The Apostles
Page 16
“Them some big-ass salads, A,” Murderman commented.
“These boys be right too,” Solemn Shawn assured him. “Nessa be fucking with the garden salad joint, but I get down with the country fried chicken joint with blue cheese dressing, A.”
“A fried chicken salad? I bet a sister thought of that. It sounds like it's good though.”
“It is, A. You should try one.”
“That's all right, yo. If they make an Italian beef salad or a gyro salad then I'll get down, A. Are you in for the night?”
Solemn Shawn looked up at the building. “Yeah, I'm about to chill, A. I'm going to eat this salad and watch the NBA on TNT. Play-off time. What you about to get yourself into, A?”
“Me and Yo-Yo got a little business to take care of. We found out that bitch Vee and his ho-ass Governors are behind Ghost getting offed. We gone send that bitch a little message, you know what I mean?”
“Be careful,” was all Solemn Shawn said as he opened the car door and climbed out.
Murderman waited for the Head Apostle to get safely inside the building's lobby before he zoomed off into the night to handle his business.
In the lobby of the condo building, Solemn Shawn ignored the probing eyes of an elderly white couple as they waited for the elevator.
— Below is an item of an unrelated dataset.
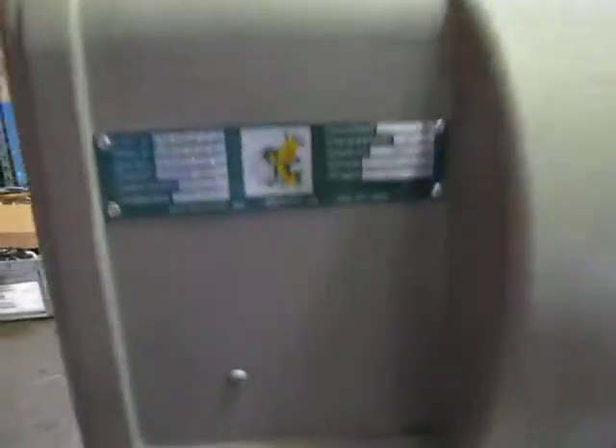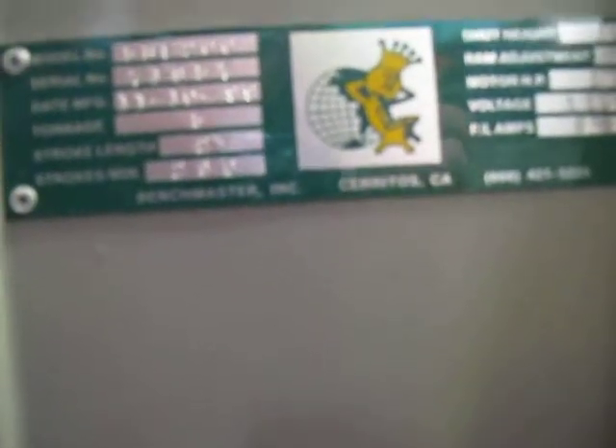This is a Benchmaster — I don't know if you can see that — but it is a 5BF200 punch.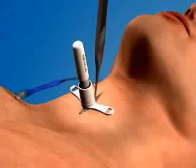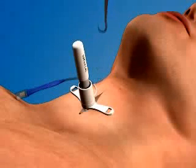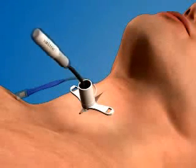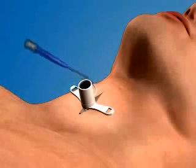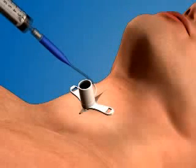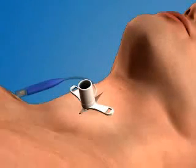Advance the airway catheter completely so that the flange of the device rests against the patient's neck. Once the tube has been fully inserted, you can remove the tracheal hook and the obturator from the airway catheter. Finally, inflate the cuff with air and begin to ventilate the patient with a bag valve mask.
He was used to the cold silences and even colder stares of the building's mostly well-to-do tenants. On the elevator the smell of the fried chicken in the salad wafted from the Bennigan's bag. Solemn Shawn could have sworn he heard the older man's stomach growl. That brought a smile to his lips as he listened to the soft jazz leaking from the elevator's speakers. At the sixteenth floor he left the elevator and walked to his apartment door. He unlocked the door and went inside.
In the foyer, Solemn Shawn kicked his off his shoes and padded into the darkened living room. He set the salads down on the table behind the modern deco sofa and flicked on a lamp. To his surprise, Vanessa was sitting on the couch. Her legs were folded under her and she was hugging a large throw pillow. On her feet were a pair of pink Footees, and she was wearing a pair of loose-fitting pajama bottoms and a pink baby T-shirt. Her multicolored silk scarf was in place over her braids.
“Hey, baby. What you doing sitting here in the dark?”
Vanessa didn't answer.
Solemn Shawn raised his eyebrows as he headed for the kitchen. He pulled two iced teas from the fridge and returned to the living room. He set the drinks on the coffee table and announced, “I stopped at Bennigan's and got you one of the garden salads like you like.” He lifted her tray out of the bag and walked around the couch to hand her the garden salad, but Vanessa wouldn't accept it. Unsure what to do, Solemn Shawn stood there for a moment holding the salad. Finally he shrugged his shoulders and set the salad on the coffee table beside her beverage.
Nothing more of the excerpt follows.